Schrand called his speech “The Virtue of Misbehavior in the Digital Age; Or, How the Humanities Taught Me to Take the Time.”
Reading from his own essay, titled “Esto Perpetua,” named after Idaho’s state motto, which is Latin for “let it be perpetual,” the 2003 USU graduate spoke specifically of the way social media like Facebook and Twitter are changing the English language.
“Twitter is unabashedly all about compression and acceleration,” Schrand said. “Twitter has not only made email seem clunkish and antiquated, but it seems to be rerouting the way we communicate.”
Jasilyn Brinkerhoff, a sophomore majoring in English education, said she thinks language is destroyed when condensed too much.
“I feel there’s a certain structure in the way to make everything fit for what we need to say, but there are rules that apply,” she said. “You can change things and everything, and I feel like a big part of English is coming up with different creative ideas of how to switch things around and say it. But I feel when we to start to shorten things and be lazy about all those rules, you start to lose something more about the language.”
Brianna Anderson, a sophomore majoring in creative writing agreed.
“I think it’s also affecting people’s abilities to write,” Anderson said. “My little sister – I’d read over what she writes, and I could tell it’s like texting or Facebook or something.”
Brinkerhoff said she’s noticed things such as diverse vocabulary are going the way of the dodo because of 140-character limits in the way people have started to express themselves – Twitter posts are limited to 140 characters.
“There’s so many vocabulary words that are missing nowadays that can add so much to what you mean and what you say,” Brinkerhoff said. “I think everyone could speak a lot stronger and have more meaning to their words if people would stop shortening things.”
Schrand shared an experience he had in his current position at the University of Idaho as an assistant professor in which he defended the case to save letters written by famous people to the university about various “mundane or whatever” subjects because they were all handwritten.
“Those bits of writing are important because the presence of the human is on the page,” Schrand said. “There’s a trace element of human caught up in the type of paper that they choose and the envelopes and their handwriting, their signature.”
Anderson said she thinks handwriting should not become a lost art replaced by ones and zeros.

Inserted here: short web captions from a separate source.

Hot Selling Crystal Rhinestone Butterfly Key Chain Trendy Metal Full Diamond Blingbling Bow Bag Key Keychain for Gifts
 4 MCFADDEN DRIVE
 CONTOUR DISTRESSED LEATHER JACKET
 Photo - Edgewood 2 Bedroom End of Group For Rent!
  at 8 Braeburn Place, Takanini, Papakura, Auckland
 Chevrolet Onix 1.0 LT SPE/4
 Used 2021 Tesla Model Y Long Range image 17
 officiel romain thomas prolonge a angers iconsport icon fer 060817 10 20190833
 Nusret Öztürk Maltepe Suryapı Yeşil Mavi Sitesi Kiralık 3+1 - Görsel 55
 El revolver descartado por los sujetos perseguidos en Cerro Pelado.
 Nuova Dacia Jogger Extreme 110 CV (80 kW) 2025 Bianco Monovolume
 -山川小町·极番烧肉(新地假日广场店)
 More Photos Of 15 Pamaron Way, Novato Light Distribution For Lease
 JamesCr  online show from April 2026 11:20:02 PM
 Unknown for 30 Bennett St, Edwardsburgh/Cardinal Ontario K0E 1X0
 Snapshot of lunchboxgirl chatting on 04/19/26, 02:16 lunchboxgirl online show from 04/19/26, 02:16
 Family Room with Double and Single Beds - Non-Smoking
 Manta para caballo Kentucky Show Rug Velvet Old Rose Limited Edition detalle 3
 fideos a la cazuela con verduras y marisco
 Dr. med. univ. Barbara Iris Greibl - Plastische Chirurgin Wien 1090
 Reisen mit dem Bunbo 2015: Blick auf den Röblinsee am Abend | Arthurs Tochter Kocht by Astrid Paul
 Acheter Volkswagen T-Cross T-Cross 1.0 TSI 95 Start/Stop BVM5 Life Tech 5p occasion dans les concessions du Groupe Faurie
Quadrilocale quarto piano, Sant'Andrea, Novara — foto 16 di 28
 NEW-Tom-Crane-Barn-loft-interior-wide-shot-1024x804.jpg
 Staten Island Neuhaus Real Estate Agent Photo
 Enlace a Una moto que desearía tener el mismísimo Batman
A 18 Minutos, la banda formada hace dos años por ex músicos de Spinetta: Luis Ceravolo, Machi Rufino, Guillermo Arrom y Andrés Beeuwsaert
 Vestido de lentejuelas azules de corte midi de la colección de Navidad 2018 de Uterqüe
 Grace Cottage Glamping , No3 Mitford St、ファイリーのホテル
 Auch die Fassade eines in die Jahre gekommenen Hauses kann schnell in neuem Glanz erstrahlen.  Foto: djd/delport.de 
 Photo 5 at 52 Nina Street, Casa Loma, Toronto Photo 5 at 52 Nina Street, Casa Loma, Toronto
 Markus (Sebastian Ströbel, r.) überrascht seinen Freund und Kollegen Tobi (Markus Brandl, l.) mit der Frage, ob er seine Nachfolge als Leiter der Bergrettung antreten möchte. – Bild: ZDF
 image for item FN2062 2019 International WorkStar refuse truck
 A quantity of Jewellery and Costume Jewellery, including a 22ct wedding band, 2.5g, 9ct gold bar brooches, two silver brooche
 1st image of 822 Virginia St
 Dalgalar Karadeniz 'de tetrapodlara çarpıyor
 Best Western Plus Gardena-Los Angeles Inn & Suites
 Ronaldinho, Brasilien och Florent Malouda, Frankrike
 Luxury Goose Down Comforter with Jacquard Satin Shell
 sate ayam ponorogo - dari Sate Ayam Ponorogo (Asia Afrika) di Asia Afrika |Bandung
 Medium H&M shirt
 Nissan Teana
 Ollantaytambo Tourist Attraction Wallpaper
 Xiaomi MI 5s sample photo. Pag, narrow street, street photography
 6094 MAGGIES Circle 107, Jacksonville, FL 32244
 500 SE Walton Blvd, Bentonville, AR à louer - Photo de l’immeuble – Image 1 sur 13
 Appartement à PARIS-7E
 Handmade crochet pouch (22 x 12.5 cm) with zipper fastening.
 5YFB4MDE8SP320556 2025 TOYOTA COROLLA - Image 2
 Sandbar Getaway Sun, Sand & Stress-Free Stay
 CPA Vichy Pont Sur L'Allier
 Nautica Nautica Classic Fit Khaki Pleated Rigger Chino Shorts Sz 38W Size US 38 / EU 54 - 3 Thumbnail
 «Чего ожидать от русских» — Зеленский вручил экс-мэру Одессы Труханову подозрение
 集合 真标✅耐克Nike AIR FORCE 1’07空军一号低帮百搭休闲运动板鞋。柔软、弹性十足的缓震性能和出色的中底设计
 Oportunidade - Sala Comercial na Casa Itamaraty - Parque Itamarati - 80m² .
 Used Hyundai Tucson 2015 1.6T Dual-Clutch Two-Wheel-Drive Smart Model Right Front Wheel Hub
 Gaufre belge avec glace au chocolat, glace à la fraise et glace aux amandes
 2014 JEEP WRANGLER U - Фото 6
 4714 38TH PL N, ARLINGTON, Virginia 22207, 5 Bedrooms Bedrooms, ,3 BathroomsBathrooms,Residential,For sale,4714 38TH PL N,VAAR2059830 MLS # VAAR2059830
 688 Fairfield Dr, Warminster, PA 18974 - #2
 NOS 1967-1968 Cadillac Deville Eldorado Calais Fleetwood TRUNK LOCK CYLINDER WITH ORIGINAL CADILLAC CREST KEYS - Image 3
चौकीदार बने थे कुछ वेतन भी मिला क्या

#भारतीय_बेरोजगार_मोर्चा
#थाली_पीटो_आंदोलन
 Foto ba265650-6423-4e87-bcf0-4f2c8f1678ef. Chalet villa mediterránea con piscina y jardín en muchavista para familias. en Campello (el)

“I think that it seems like it’s becoming a dying thing, but I think it’s important still,” she said. “I don’t like ebooks or Kindles or anything, because I agree with what he said about how it’s breaking down language and artifacts and human history. It’s not something I’m a fan of. I like having a book that I can feel and touch.”
However, Schrand said it might not be a bad thing for the language to change.
“Even with the advent of the electric typewriter, written correspondence hasn’t really changed that much,” he said. “The language was still the same. The sentences were still wholly created. Once the language was sort of truncated and divided and broken into hashtags or broken into texts or tweets, then there’s a different kind of collapse.”
Ellen Reimschussel, a USU alumna who graduated in 2010 with a major in creative writing, said she agreed with Schrand on how shortening messages changes the way people think and speak.
“I think that it does limit the language,” she said. “The language is evolving, but I don’t know whether or not that’s good. I like that (Schrand) said that it is different, that it is shortening speech in a different way, and it’s not clear yet whether (it’s) that we’re just too worried about it or just being reactionary, or whether it is a big difference.”
Schrand said though he resists condensing changes, he also said he contributes to them because he owns an iPhone and has a Facebook account.
“Is this just another swan song?” Schrand asked, rhetorically. “Only time will tell.”
Schrand said while his parents were supportive of his work, it is important for writers to pen their words compassionately.
“Of course these were complicated things,” Schrand said. “If you have an axe to grind, it’s probably not a good idea to write it because it says more about you than it does about your subject matter. If you’re going to implicate someone, implicate yourself.”
Anderson agreed with Schrand and said authors should not apologize for telling their own stories.
“I agree with that,” Anderson said. “Your story is your story but I also agree with what he said about writing compassionately and thinking complexly because people are fallible. Maybe what you remember is something else than what they remember.”